Le Klarafestival se poursuit à Flagey où les ambiances féériques et dramatiques de Shakespeare côtoient le lyrisme de Théophile Gautier. Pour cela, les forces du Brussels Philharmonic reçoivent le chef suisse Thierry Fischer qui accompagnera également Reinoud van Mechelen pour de belles Nuits d’été.

Reinoud van Mechelen, Thierry Fischer et le Brussels Philharmonic
© Bjorn Comhaire / Klarafestival

Dans une optique radicalement différente de celle qu’avait choisie Stéphane Denève quelques mois auparavant avec le même orchestre, Thierry Fischer mise dans Berlioz sur la transparence et l’étincelle. Au gré de tempos toujours très justes, le chef suisse nous emporte avec théâtralité et poésie à travers les méandres shakespeariens de l'ouverture du Roi Lear, œuvre de jeunesse d'un Berlioz pas encore trentenaire. Les noirs tourments de la tragédie de Shakespeare se parent ici d’une lumière plus radieuse, l'orchestre concevant un drame nerveux sous la baguette de Fischer. La couleur cristalline des violons produit de magnifiques atmosphères lorsqu’elle se mêle à la profondeur des contrebasses ou à la brillance des cuivres. Et au sortir d’un épisode de pizzicati chez les cordes, on aurait vite fait de se croire chez Rossini, tant on retrouve dans cette œuvre la culture de l’ambigüité entre tragédie et comédie chère au compositeur italien.

L’émerveillement berliozien se poursuit à travers des Nuits d’été d’une grande clarté. La subtilité époustouflante du Brussels Philharmonic apporte beaucoup de profondeur aux textes de Théophile Gautier. Dans cet écrin chaleureux, Reinoud van Mechelen peine cependant à s’épanouir. Le ténor flamand a les défauts de ses qualités : son timbre extrêmement clair et pointu, la précision chirurgicale de sa diction le privent du lyrisme et de la chaleur nécessaires pour affronter les mélodies centrales du cycle. On admire sa projection sonore efficace qui lui permet de réellement briller lors des premières mélodies, même si Fischer rompt ensuite l’équilibre lors des grandes envolées de Sur les lagunes. Cette mélodie ainsi que la suivante, Absence, sont celles qui posent au chanteur les plus grands défis ; la voix n’épouse pas complètement les courbes lyriques de la partition et on s'étonne de voir les phrasés du chanteur comme de l’orchestre devenir raides et mesurés. Car avant cela, tout n’était que fluidité, tant dans la diction que dans l’interprétation.
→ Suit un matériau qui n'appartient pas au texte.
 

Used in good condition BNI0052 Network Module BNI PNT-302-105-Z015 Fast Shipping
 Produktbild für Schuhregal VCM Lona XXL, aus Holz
Reinoud van Mechelen nous aura ainsi livré un magnifique Spectre de la rose, où ses nuances éthérées et ses voyelles pures se sont superbement accordées aux beautés miroitantes de la phalange bruxelloise.
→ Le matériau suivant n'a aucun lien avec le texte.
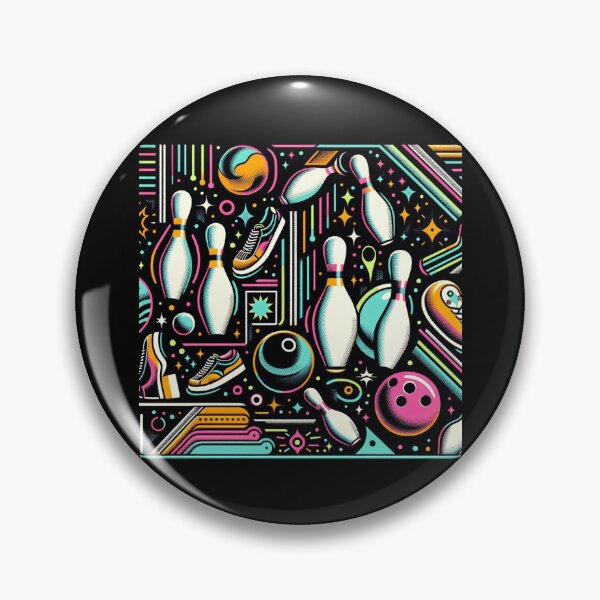 Item preview, Bowling Alley Carpet - Funky Retro Design for T-Shirts designed and sold by Gatsbird Design.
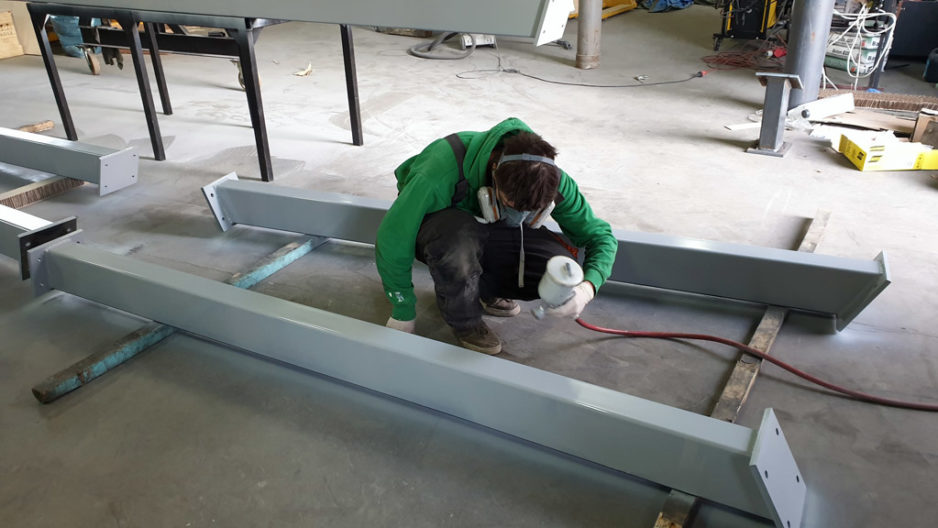 lakierowanie konstrukcji stalowej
Thierry Fischer dirige le Brussels Philharmonic
© Bjorn Comhaire / Klarafestival

Dans la continuité logique de cette première partie de concert, Thierry Fischer et l'orchestre bruxellois ne font qu’une bouchée après l'entracte des extraits choisis du Songe d’une nuit d’été. Toute la science des couleurs et du drame dont les musiciens faisaient preuve chez Berlioz fait également merveille chez Mendelssohn. Si l’on peut regretter çà et là de légers soucis de mise en place ou l'articulation désynchronisée des violons dans les traits du début de la pièce, on ne peut que louer par ailleurs les prouesses des interprètes. On retrouve une belle construction dramatique, où chaque épisode procède du précédent et où les échos des différents thèmes sont bien mis en valeur. On aime également chez Fischer sa volonté de toujours faire avancer le discours : même dans des tempos plutôt retenus, rien ne paraît s’appesantir. Le chant du pupitre de cors au Nocturne de la fin de l’acte III, éminemment émouvant, n’est qu’un élément parmi tous les atouts dont dispose le Brussels Philharmonic et Thierry Fischer aura su tirer le meilleur de l'orchestre. D’un simple geste, le maestro assouplit les phrasés des violoncelles et, par des sursauts d’énergie, il galvanise outrageusement les trombones. Ces derniers, ainsi que les timbales puissantes de Titus Franken, sont des pupitres que le chef suisse s'attache particulièrement à mobiliser, donnant ici et là quelques coups de fouet à une interprétation mémorable.